I once wrote an article on Xvid 1.1.3, and the speed boost one could get by enabling assembly-optimized code. Well, this is a case of my being hoisted by my own petard -- however, I must admit that several things were against me.

In short, Murphy's Law struck again. But first, for those of you who don't want to click through old blog posts, a (fair) bit of history.

Back to the Mayo

A few years back, the Motion Picture Expert Group decided to create a new standard for video compression to replace the much abused and too limited ISO/IEC 13818 standard, also known as h.262, and amorously published under the name MPEG-2. In a fit of imagination, they called it h.263 - dubbed MPEG-4 (because, due to some systems' limitations with file suffixes, MPEG-1 layer 3 audio files were now dubbed 'mp3', or MPEG3).

Creating h.263 wasn't instantaneous: several companies started creating their own implementations and adding their grain of salt.

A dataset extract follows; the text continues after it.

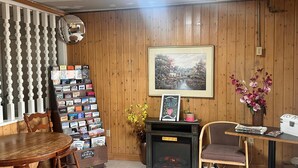 Une pièce chaleureuse avec des boiseries, une cheminée, une bibliothèque et un tableau représentant un paysage, encadré.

Among them, was Microsoft, who published some codecs that became Windows Media Video 7 and 8. These early codecs were hacked and improved by the now famous hacker Gej, and released as DivX 3.11 ;-) (yes, the trailing smiley is part of the name).

But, Gej being a responsible kid, and not liking Microsoft's hounds on his heels, decided to scrap his codecs and, making use of more recent h.263 drafts, started implementing his own codec, with a few DivX 3 ;-) compatible fixes thrown in, as Project Mayo (and yes, Mayo stands for mayonnaise - Gej IS French).

That project succeeded in creating an MPEG-4 codec, but then some developers decided to keep further modifications for themselves (ProjectMayo's code was not released under the GPL, you see) and created the DivX company, seller of the DivX codec, and several tools. They are quite rooted into Free software though, providing some Linux binaries of the codec (but not very often, due to a lack of demand), used to promote Virtualdub as an encoding tool, and released their main tool Doctor DivX under the GPL a while back. Dr. DivX can work with codes OTHER than DivX, amongst which is Xvid.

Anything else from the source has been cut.